Photo:Robert Reisman


Defence - but Not Territorial Defence - Tops the EU's Agenda


On 1 March, the European Commission published a White Paper laying out five different scenarios for the future of the EU27 (thereby presuming that the post-Brexit Union of 27 member states will hold together). Four out of the five scenarios foresee that closer defence cooperation, in one form or another, will be an important priority.

Judging from the overall thrust of the paper, gone are the days when the only way forward was for the EU to do more – according to the bicycle metaphor sometimes used to describe integration, one had to constantly keep pedaling in order not to fall. Brexit has made the option of moving backwards very real. The five options include ‘carrying on’ without major change, downscaling the EU to ‘nothing but the single market’, moving towards multi-speed integration, deepening some areas while downscaling others, and building a federal Europe (although the paper does not use the ‘f-word’). Instead of openly arguing for ever-deeper integration, which the Commission has usually done, it calls on member states to reflect on and choose their favoured scenario. The paper actually presents ‘renationalisation’ of some policy areas as one possible path to take.
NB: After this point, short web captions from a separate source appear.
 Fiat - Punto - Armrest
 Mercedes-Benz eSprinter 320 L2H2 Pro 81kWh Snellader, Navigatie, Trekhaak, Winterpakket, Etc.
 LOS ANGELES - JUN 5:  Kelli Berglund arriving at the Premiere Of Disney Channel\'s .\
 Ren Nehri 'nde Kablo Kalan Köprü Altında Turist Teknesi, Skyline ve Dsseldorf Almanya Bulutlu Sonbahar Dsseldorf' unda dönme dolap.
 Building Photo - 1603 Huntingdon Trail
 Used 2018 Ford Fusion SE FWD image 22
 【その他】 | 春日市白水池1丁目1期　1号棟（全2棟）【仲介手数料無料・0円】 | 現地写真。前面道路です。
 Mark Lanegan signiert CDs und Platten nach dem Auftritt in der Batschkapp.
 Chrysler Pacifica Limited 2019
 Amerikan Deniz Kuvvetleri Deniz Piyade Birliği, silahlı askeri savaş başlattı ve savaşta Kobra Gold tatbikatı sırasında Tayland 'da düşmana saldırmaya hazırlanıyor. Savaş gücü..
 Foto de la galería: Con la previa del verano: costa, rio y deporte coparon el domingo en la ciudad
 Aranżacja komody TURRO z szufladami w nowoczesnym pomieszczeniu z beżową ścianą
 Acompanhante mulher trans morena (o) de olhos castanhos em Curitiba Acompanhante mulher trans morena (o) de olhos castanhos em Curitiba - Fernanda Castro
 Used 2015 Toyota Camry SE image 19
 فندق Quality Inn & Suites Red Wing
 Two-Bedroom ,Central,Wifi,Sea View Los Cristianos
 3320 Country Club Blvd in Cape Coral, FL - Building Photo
Against this backdrop, it is remarkable that defence is singled out as a promising area of cooperation in most of the scenarios. This obviously reflects the dramatic worsening of Europe’s security environment in recent years as well as the shared understanding across the EU that one should stand together in addressing threats from the East and South. The focus of EU debate on security and defence has shifted away from crisis management and become much broader than the relatively narrow mandate of the Common Security and Defence Policy. The EU Global Strategy of last year talks about ‘protection’ (indeed, not ‘defence’!) of the EU and its citizens, joint efforts to strengthen Europe’s defence capabilities, and cooperation on cyber and energy security. In the European Defence Action Plan published in last December, the Commission outlined its ideas for supporting defence industries, research, and possible joint procurements, depending on member state interest. Never before has the Commission aspired to play an active role in the field of defence.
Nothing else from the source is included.